First off is Blacksad from Juan Diaz Canales and Juanjo Guarnido. It's another funny animal book, and one that Lee and I had mentioned in one of our Previews postings. Dark Horse put together this English translation. Somewhat amuing that it needs translation, being set in the US, but the writer's not a native English speaker. Guess that'll keep the Know Nothings from reading. Well, the fact that they're Know Nothings keeps them from reading as a general rule. Anyway, this is some great hardboiled noir. Lots of the little guy detective, Blacksad, trying to figure out cases without the powers that be coming down too hard on him. The first story, Somewhere Within the Shadows, was the best of the three stories in this collection. It's a more or less traditional noir with its urban setting and connected suspects. Think The Big Sleep, only making sense. Arctic Nation was the weakest. It's an allegory about race relations. Sort of. It wants to be an allegory by using animals in place of humans, but it's straight up black versus white, as the Arctic, white furred animals run a small, broken down company town. There's a lot of incestuous relations and beating deaths going on. Somehow the whole thing rings false. Maybe it's because the allegory is too one dimensional.

Next up is Noche Roja by Simon Olilver and Jason Latour. An imprint of the Vertigo Crime subdivision, it's another noir tale. I was on a bit of a noir trend this go round. No funny animals here. Black and white humans. Well, the characters are shades of grey. This story is mostly set just over the Mexican border from the US, though there's some action in the US. The protagonist is searching for the killer of a series of poor girls who work as virtual slaves doing whatever piecemeal work is being done at the factory. Some are just sexually molested by the factory boss, a slight improvement over the ones who are being killed by someone. The ghetto where the workers subsist is cowed by the factory operators, and the police are in the pockets of the same owners, so nothing is being done about the girls' deaths. Our hero has a history in the area, having investigated the local boss when he was a cop, until a friend and source was killed. No happy endings to this story. Brutal all around, really. Very much a product of its genre, it has a bit of the conspiratorial with a US Senator that's kind of easy to see coming, but it's enjoyable story.

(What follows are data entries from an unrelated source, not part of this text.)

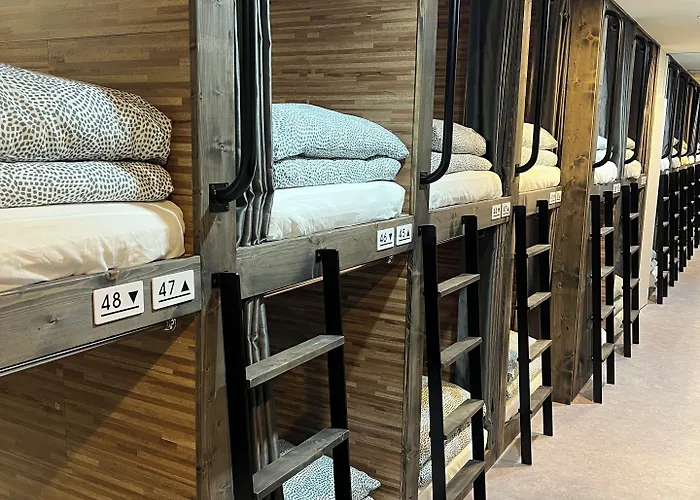 Seoul Cube Jongro Hotel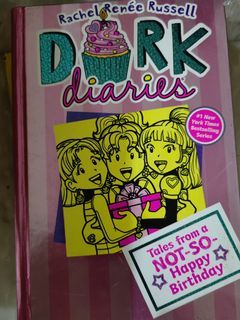 Dork Diaries: Tales from a Not-so- Happy Birthday (Hard bound)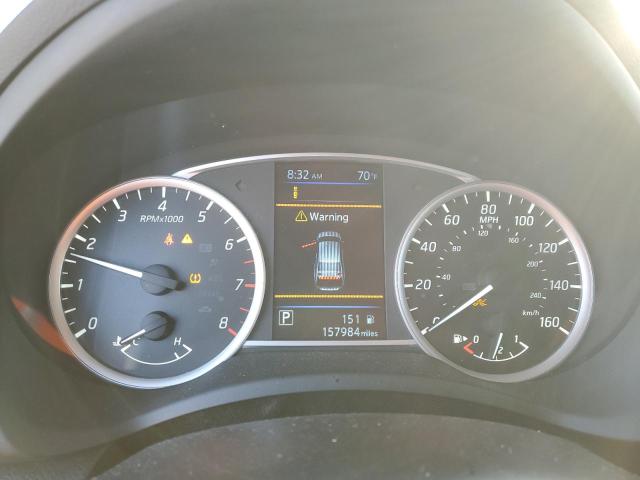 3N1AB7AP0KY357922 - 2019 NISSAN SENTRA S SILVER photo 9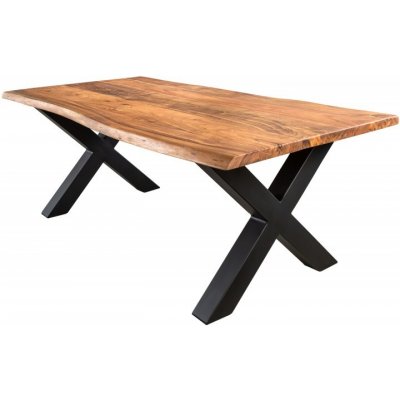 Interior DE MAMMUT X 120 cm masiv akácie honey KS41654 – Zboží Dáma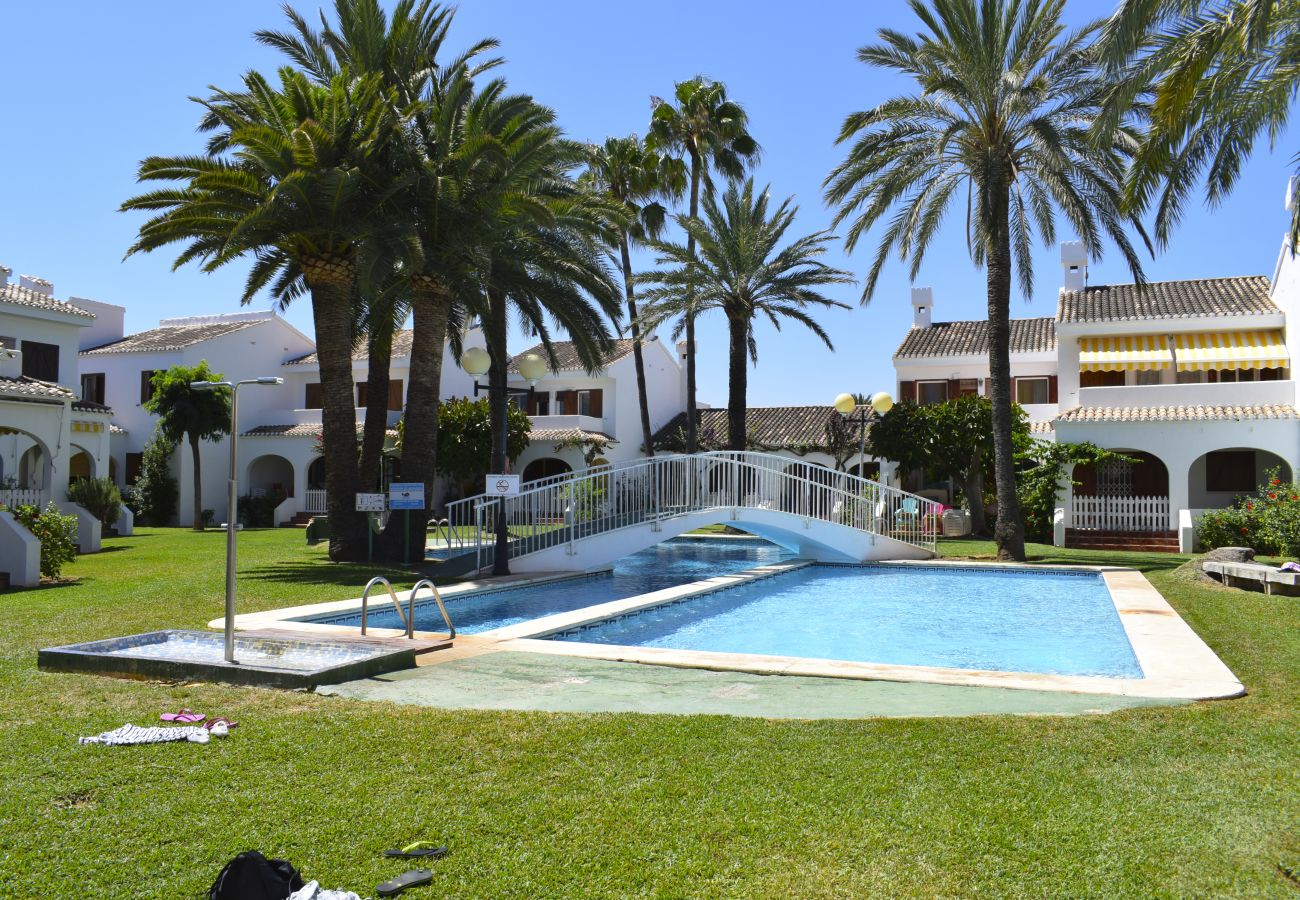 Townhouse in Denia - Anacasa La Escala Mar Jonica AD3203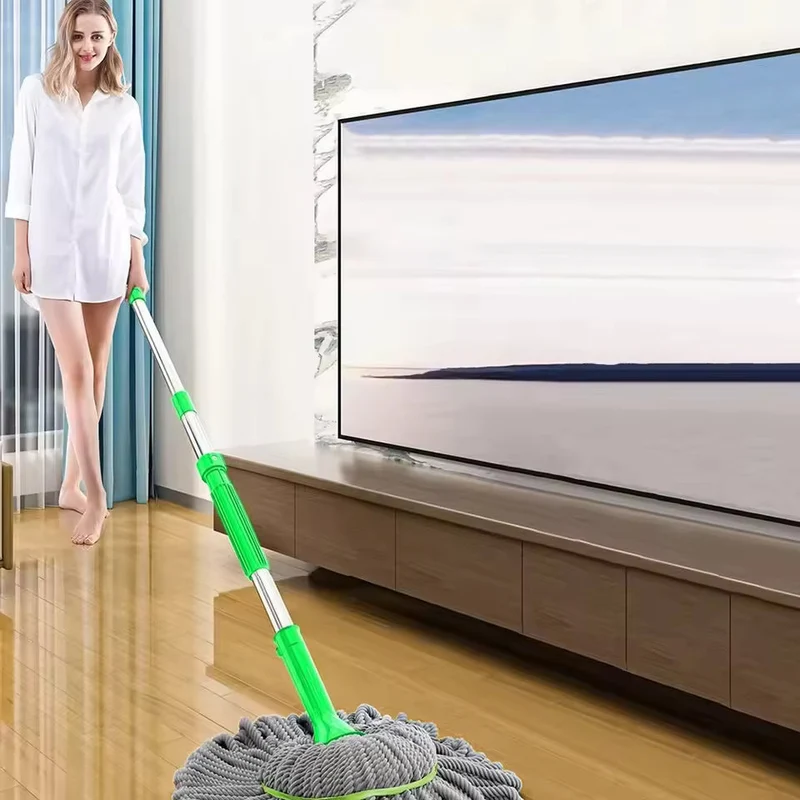 TwirlMop™ | Rotierender Reinigungsmopp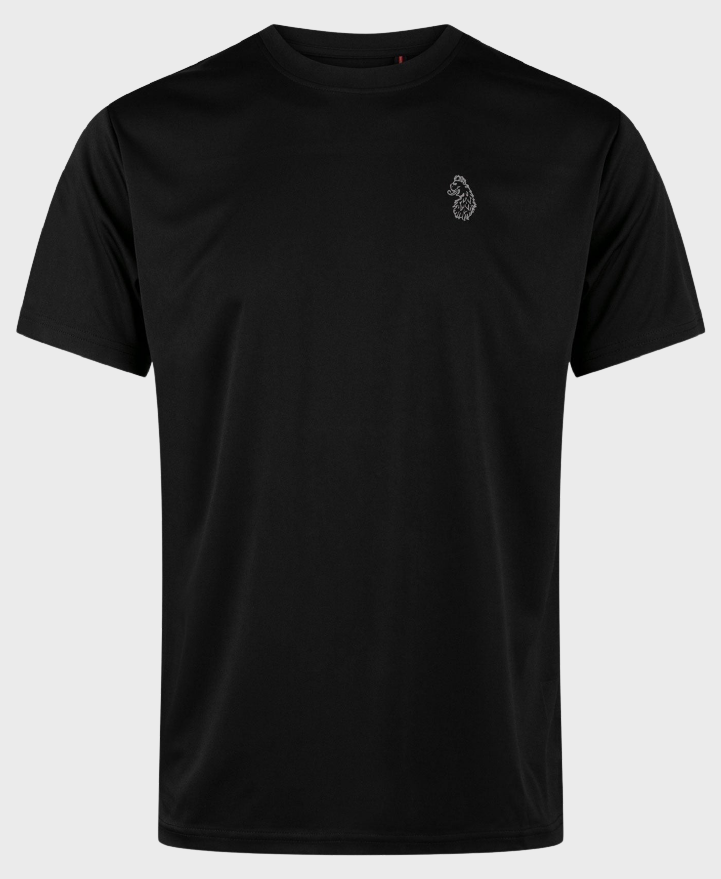 Luke 1977 M790160 Peak Performance T-shirt Black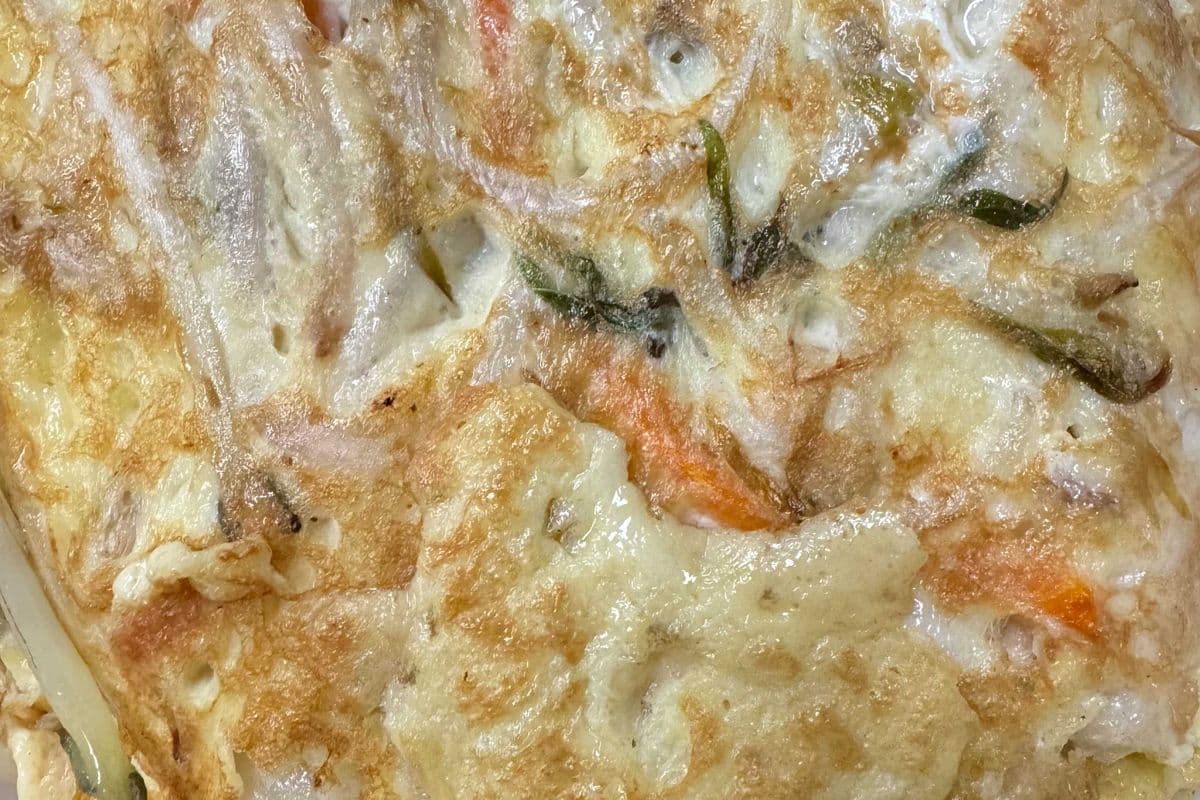 Chicken Foo Young 鸡肉芙蓉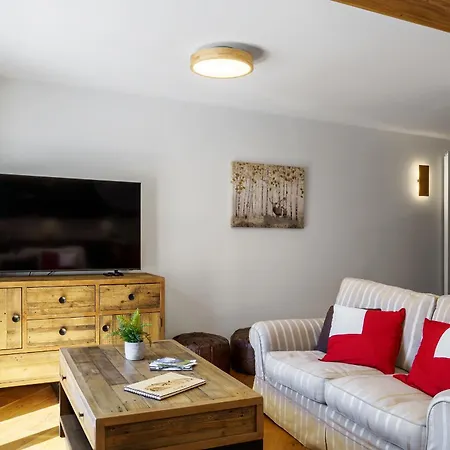 Post 5 Apartment Wengen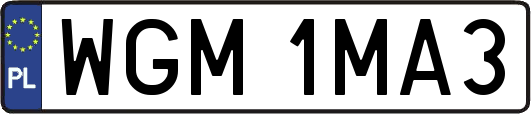 WGM1MA3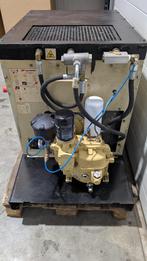 11kW Schroefcompressor met Frequentie Regeling, Ophalen of Verzenden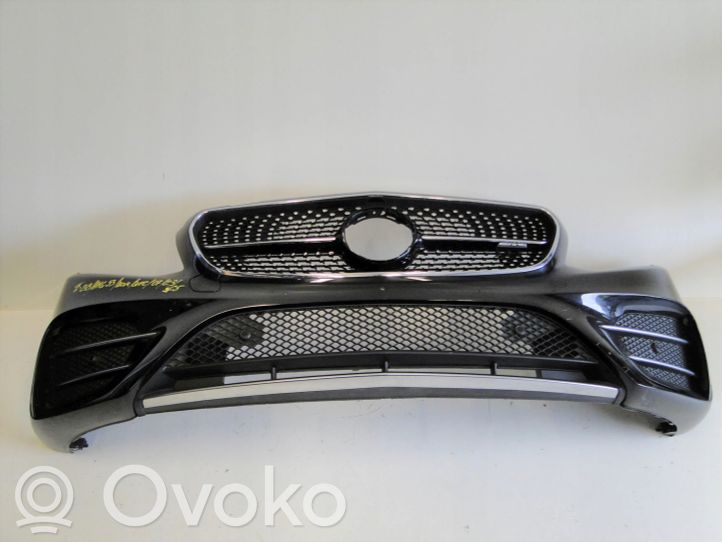 A2138856902 Mercedes-Benz E W213 Stoßstange Stoßfänger vorne 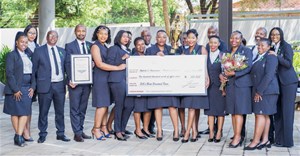 Meet South Africa's best-dressed team: Mphela & Associates Attorneys win the 2025 Imagemakers Award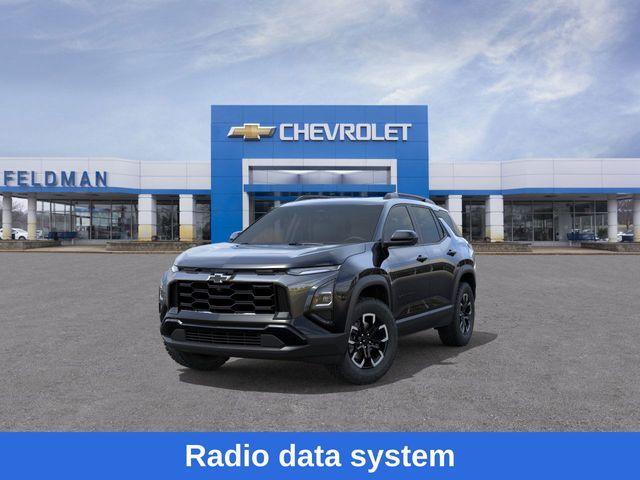 new 2025 Chevrolet Equinox car, priced at $31,536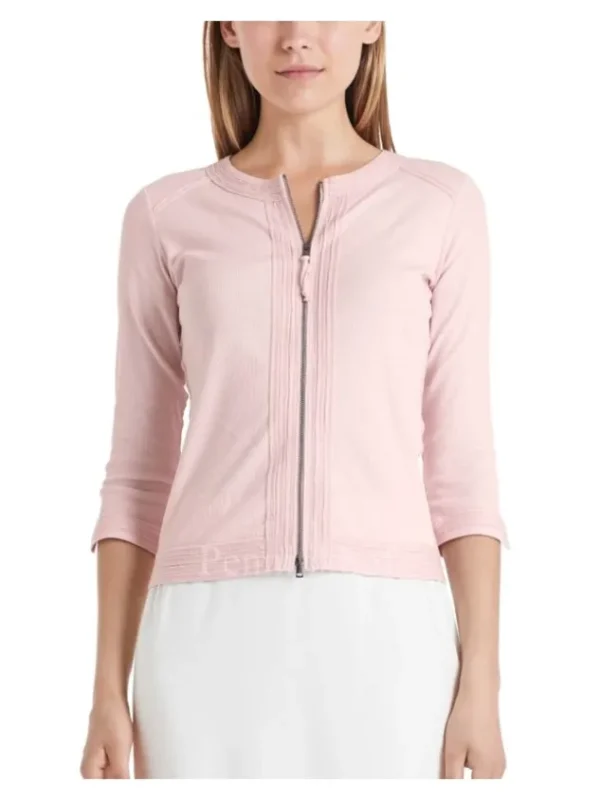 Marc Cain vests +E 31.39 J50 Pink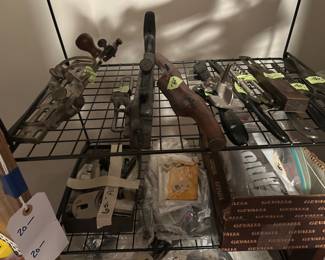 SPECIAL TOOLS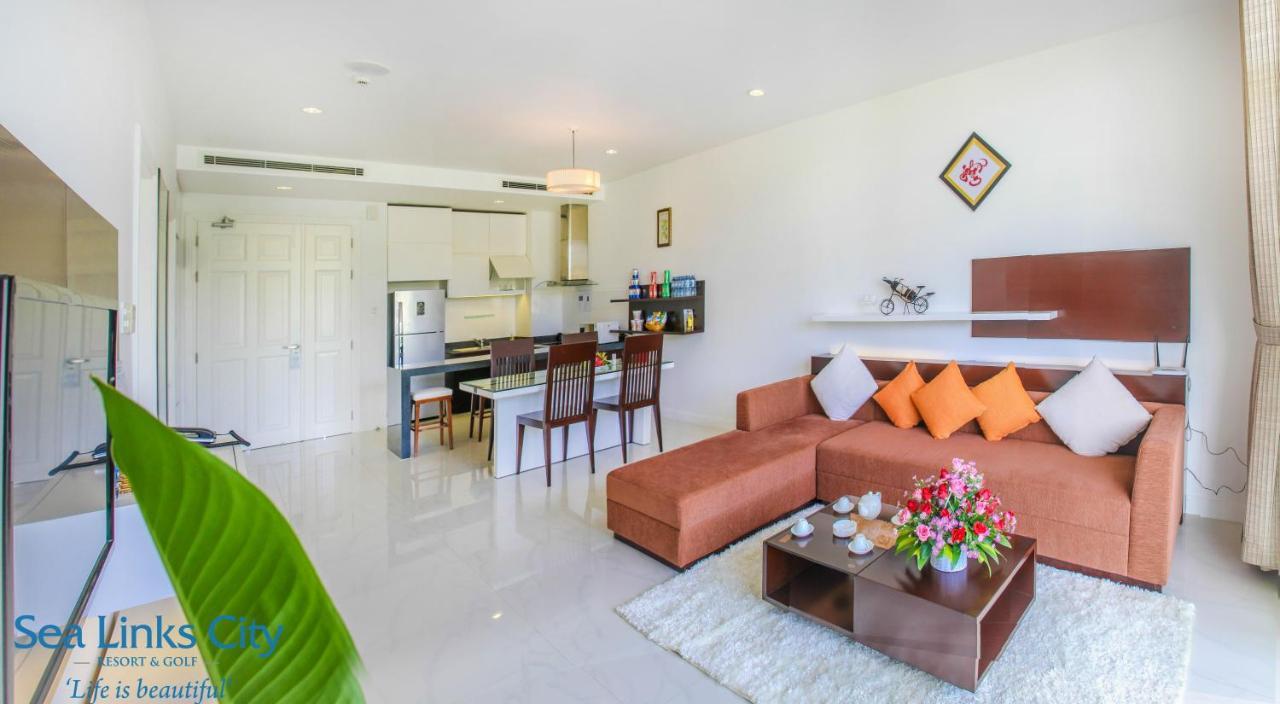 Ferienwohnung Ocean Vista Mũi Né Exterior foto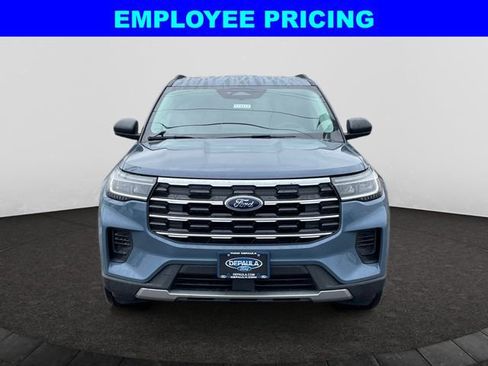 New 2026 Ford Explorer Active AWD/4WD image 8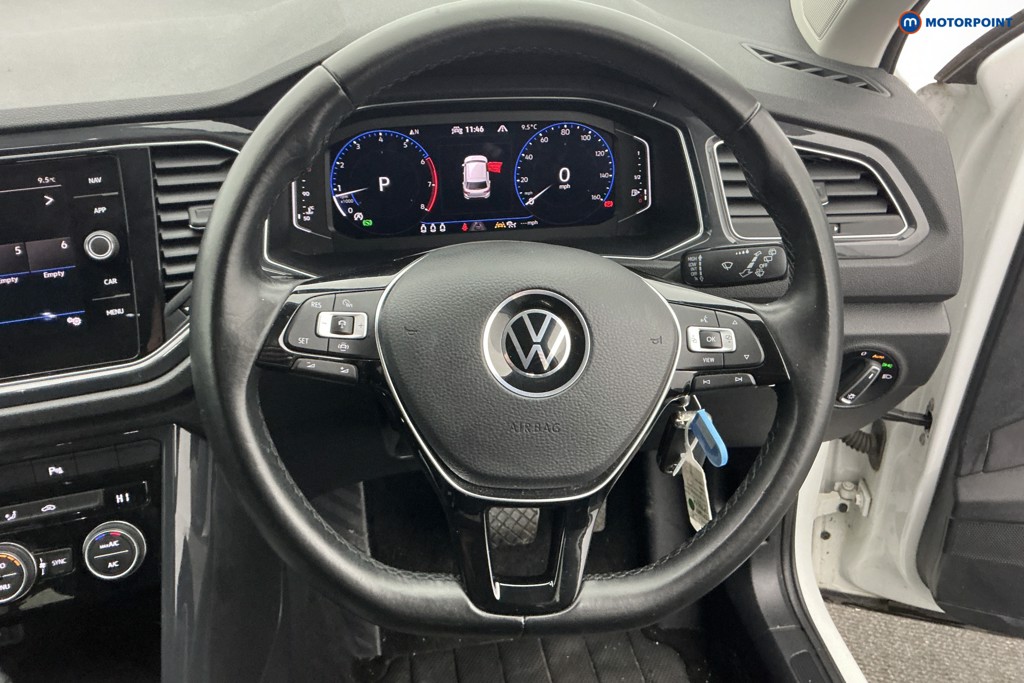 Volkswagen T-Roc SEL Automatic Petrol SUV - Stock Number (1571867) - 6th supplementary image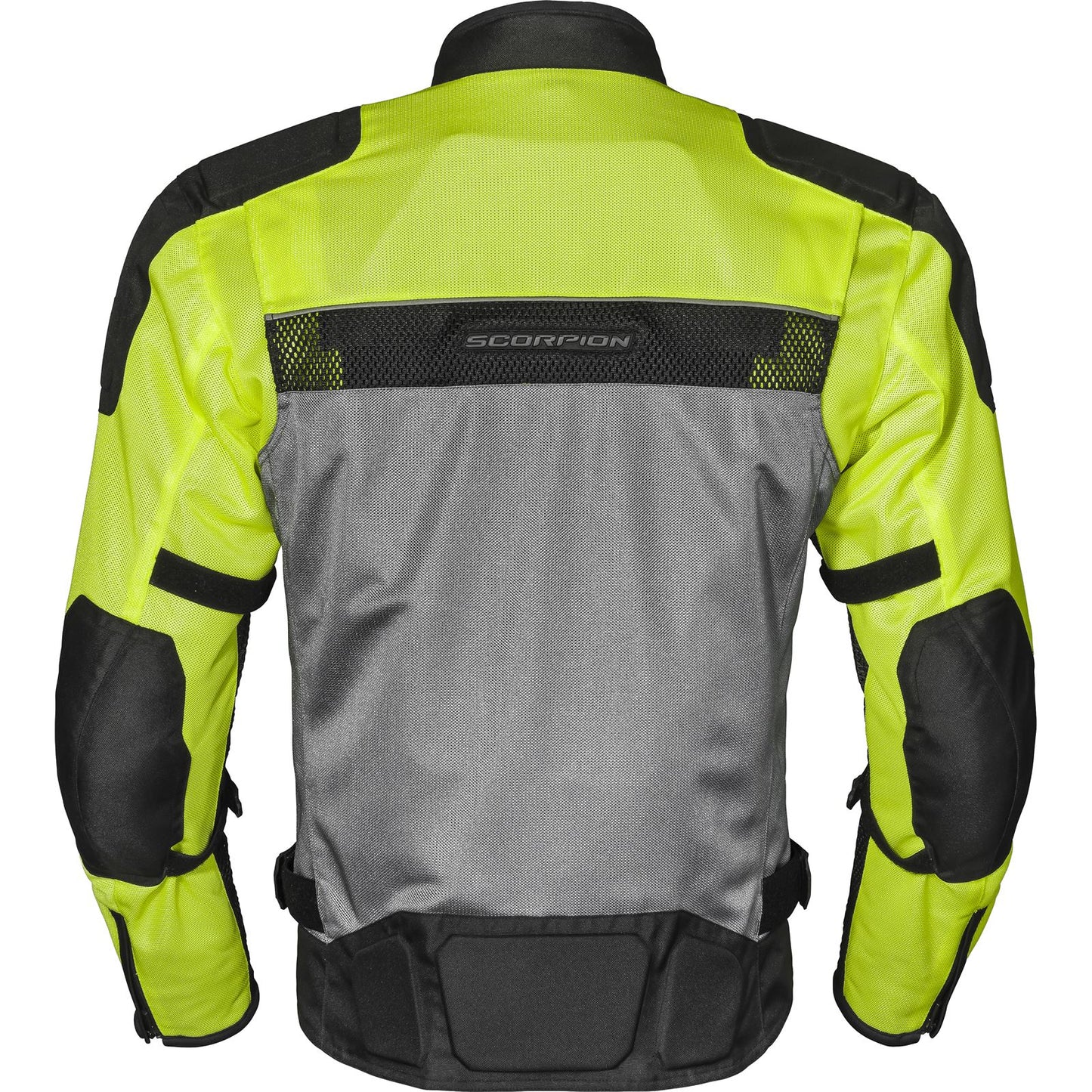 ScorpionEXO Vortex Air Jacket - Hi-Vis - Large 14604-5_161110
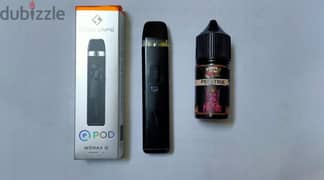 Geek vape wenax q 0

Finally, there's Trickster: Native American Tales, compiled by Matt Dembicki. There are different writers and artists for each of the 21 stories in the book. It's a nice, think composition with stories from different tribes and regions that all share the common element of a trickster character. Sometimes the trickster comes out on top. Sometimes not. I enjoy culturally specific stories like these. They provide insights into cultures, and in the case of these stories, are well told. Most of the writers are Native Americans from the tribe whose story is being told. Some were told and recorded a long time ago with only the art being new for this book. After the previous two noir books, it was a very nice change of pace. Probably my favorite of these three selections.